With strategic input from Schlein and the generous support of Sugi Widjaja (EE’00) and Millie Wan (W’01) — for whom the Fellows program is named — Cassel’s vision became reality. “It’s important to shape an entrepreneurial mindset,” says Wan, “because you can have great ideas, but you need to have a reliable channel to bring those ideas to fruition.”
Finding the Fellows
Selecting the right students was no small task. Becoming an entrepreneur is famously about more than just school smarts. The list of founders who dropped out of college is now part of Silicon Valley lore, from Bill Gates to Steve Jobs.

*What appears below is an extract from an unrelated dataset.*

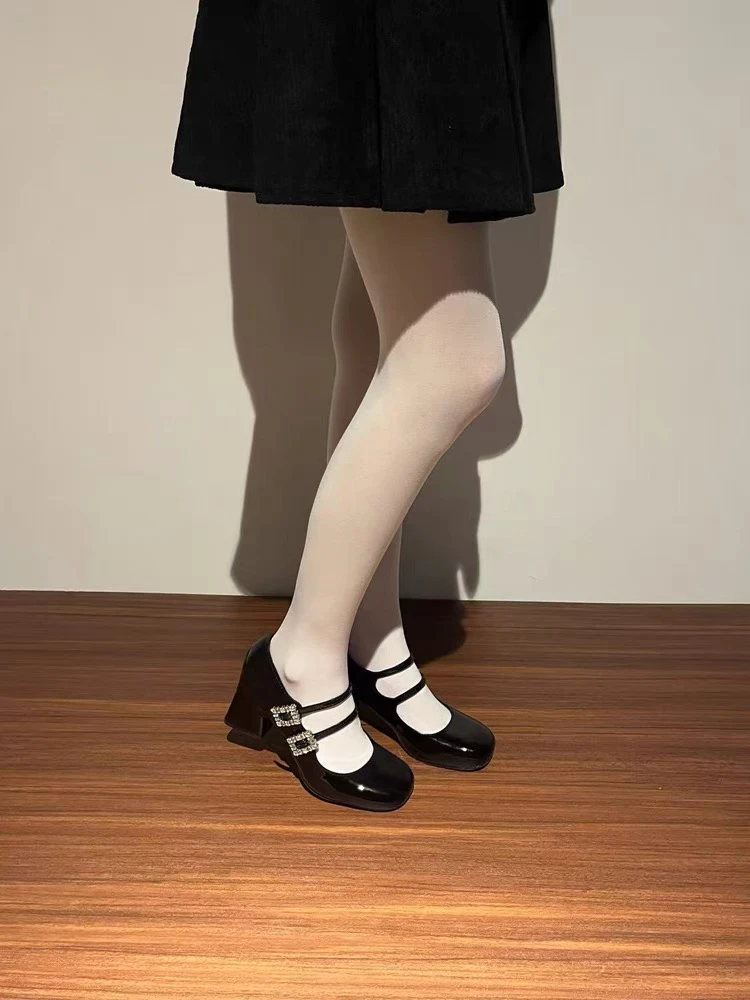 小红书种草推荐水钻玛丽珍女鞋黑色高跟鞋漆皮气质粗跟单鞋不累脚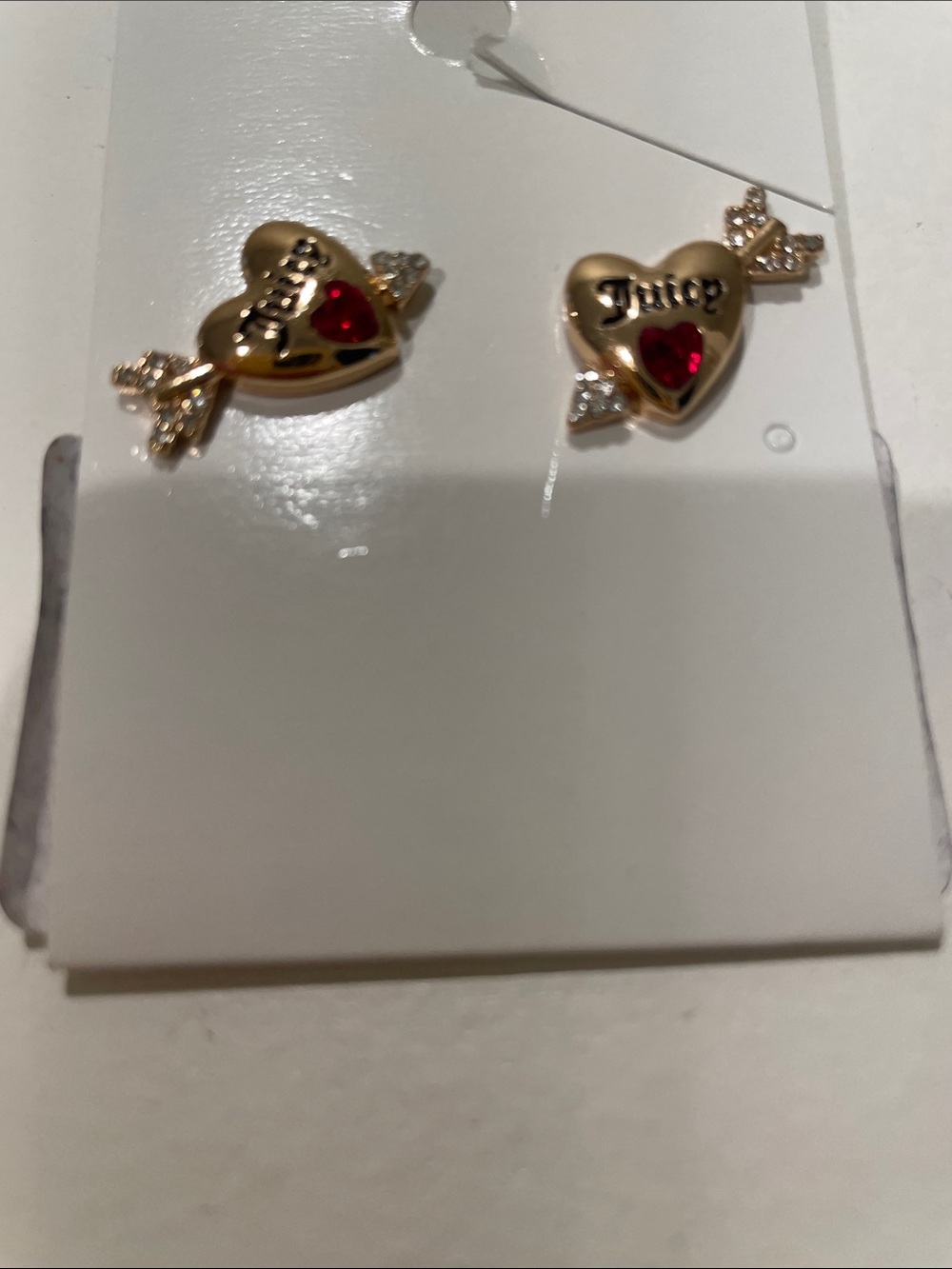 Juicy Couture Gold Heart Studs with Red Crystal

While most startup founders in the U.S. actually have advanced degrees, research suggests that entrepreneurs have distinct traits that go beyond academic achievements, such as a strategic appetite for risk. “We looked across disciplines,” says Cassel. He didn’t just want academically distinguished students, but those with a history of leadership and commitment to teamwork.
To identify these qualities, the selection process mirrored the rigorous interviews for the Wharton MBA program. For the inaugural cohort, where more than 70 students competed for just 12 spots, applicants analyzed a case study in groups of five to six, presenting their individual perspectives before collaborating with their peers to develop a unified response. “Just by watching, we could see who’s excessively quiet, who’s engaged, who won’t let other people talk,” says Manickarottu. “That helped us select for traits that made a really strong cohort.”
Expert Advice
Last spring, in addition to building a fictional startup in class — the process for which included everything from brainstorming an idea to researching competitors to building a business plan — each Fellow met monthly with two mentors, one from a venture capital firm and the other from a startup.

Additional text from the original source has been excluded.